It's raining, chilly and definitely coffee weather. Really all weather is coffee weather to me. My mother was Swedish and it was always coffee time at our house. In those days it was a percolator. I think coffee goes with writing, at least for me. I drink it straight full of caffeine.
So when my electric coffee pot died the other day, it was a big deal.
I had to pull out a French press pot I have to make coffee to think about how I was going to replace the electric one. It happened that Costco had a Ninja pot on sale that offered the best of everything. It could make a pot of coffee, a single cup with a filter and grounds and also had the option to make a single cup with a pod.

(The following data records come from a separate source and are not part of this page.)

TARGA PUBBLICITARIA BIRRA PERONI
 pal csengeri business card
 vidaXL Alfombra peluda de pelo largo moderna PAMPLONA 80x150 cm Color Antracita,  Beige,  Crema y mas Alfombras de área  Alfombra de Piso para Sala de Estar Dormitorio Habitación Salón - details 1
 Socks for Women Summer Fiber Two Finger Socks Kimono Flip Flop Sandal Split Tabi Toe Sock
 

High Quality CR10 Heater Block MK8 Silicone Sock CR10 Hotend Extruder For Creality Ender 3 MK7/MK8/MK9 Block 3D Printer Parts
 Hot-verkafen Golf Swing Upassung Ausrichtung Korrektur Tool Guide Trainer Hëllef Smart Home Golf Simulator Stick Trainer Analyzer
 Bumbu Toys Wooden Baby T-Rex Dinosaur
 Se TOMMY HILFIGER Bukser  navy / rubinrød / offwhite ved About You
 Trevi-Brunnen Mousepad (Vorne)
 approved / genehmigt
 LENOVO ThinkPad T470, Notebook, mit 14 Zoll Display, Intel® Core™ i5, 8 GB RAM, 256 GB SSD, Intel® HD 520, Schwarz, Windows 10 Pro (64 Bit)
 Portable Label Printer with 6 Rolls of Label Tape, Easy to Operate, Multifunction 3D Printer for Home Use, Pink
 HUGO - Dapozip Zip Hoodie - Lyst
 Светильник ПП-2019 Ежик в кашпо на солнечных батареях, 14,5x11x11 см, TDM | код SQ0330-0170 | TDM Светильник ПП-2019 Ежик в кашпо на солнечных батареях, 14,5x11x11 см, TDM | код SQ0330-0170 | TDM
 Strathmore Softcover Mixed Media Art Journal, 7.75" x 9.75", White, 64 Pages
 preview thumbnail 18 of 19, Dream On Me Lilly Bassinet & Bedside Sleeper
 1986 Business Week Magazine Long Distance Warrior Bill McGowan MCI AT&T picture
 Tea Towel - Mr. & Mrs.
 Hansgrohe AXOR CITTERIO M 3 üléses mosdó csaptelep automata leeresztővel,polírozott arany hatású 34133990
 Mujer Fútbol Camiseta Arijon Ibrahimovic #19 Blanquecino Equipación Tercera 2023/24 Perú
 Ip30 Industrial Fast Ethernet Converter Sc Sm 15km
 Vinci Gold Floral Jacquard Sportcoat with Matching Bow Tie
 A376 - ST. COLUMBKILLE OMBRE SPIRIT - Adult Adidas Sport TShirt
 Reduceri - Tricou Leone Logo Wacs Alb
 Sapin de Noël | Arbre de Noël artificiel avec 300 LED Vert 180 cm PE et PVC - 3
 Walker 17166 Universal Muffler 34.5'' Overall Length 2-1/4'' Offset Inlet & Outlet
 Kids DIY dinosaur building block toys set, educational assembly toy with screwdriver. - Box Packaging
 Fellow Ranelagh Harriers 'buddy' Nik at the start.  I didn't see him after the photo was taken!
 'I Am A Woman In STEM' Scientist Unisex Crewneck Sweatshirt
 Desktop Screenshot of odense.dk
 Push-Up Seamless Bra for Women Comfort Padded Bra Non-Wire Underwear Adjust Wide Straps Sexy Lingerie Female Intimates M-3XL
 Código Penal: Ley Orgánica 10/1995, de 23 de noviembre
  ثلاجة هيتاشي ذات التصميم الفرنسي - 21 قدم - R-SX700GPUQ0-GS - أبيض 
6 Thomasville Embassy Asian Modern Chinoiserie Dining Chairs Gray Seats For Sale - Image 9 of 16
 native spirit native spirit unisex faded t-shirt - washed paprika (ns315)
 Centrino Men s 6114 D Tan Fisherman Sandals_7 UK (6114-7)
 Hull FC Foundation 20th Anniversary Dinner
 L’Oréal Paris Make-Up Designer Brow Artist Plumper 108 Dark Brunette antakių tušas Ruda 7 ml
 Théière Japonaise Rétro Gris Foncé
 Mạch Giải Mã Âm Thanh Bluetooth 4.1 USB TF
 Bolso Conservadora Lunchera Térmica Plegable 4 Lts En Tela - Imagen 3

My dead pot was easy to use. A filter and some grounds. Push brew and that was it. A few minutes later there would be coffee in the pot. It didn't really work making a single cup and I had been making four cups at a time. Their four cups was more like two mugs.
I was warned online that the sale coffee pot at Costco was in low supply. I felt like a winner already. The box was big and cumbersome and I hoped that it was mostly packaging as there is always a battle for counter space with everybody here all the time and I'm the only one who coffee with a priority for coffee.
The size was okay and just a little wider than my dead coffee maker. And then I looked at the instructions. Like everything else, making coffee had gotten more complicated. It took a while to make sense of the instructions. There is a whole art to writing instructions. I know from writing the patterns for my books. The new coffee maker came with adapters to use when making coffee with grounds and something when pods were used. It had choices about cup sizes, brew strength and whether or not to have the warmer plate going. Then there were a lot of instructions about maintenance. Descaling and some tool that clears clogs.
And before any of that, the pot had to be primed. I always laugh when I think about how installing something used to mean plugging it in. After several readings of the instructions, I did the priming and left it ready to make my morning coffee the next day. It turned out not to be as complicated as the instructions made it seem and made sense when I actually saw how it worked.
And just like that I was back in business. I'll deal with the maintenance when I have to. But for now I can enjoy a nice mug of freshly brewed coffee. How nice on this rainy morning, then at midday and afternoon and maybe even later while I go through the galley pages of MURDER BY THE HOOK.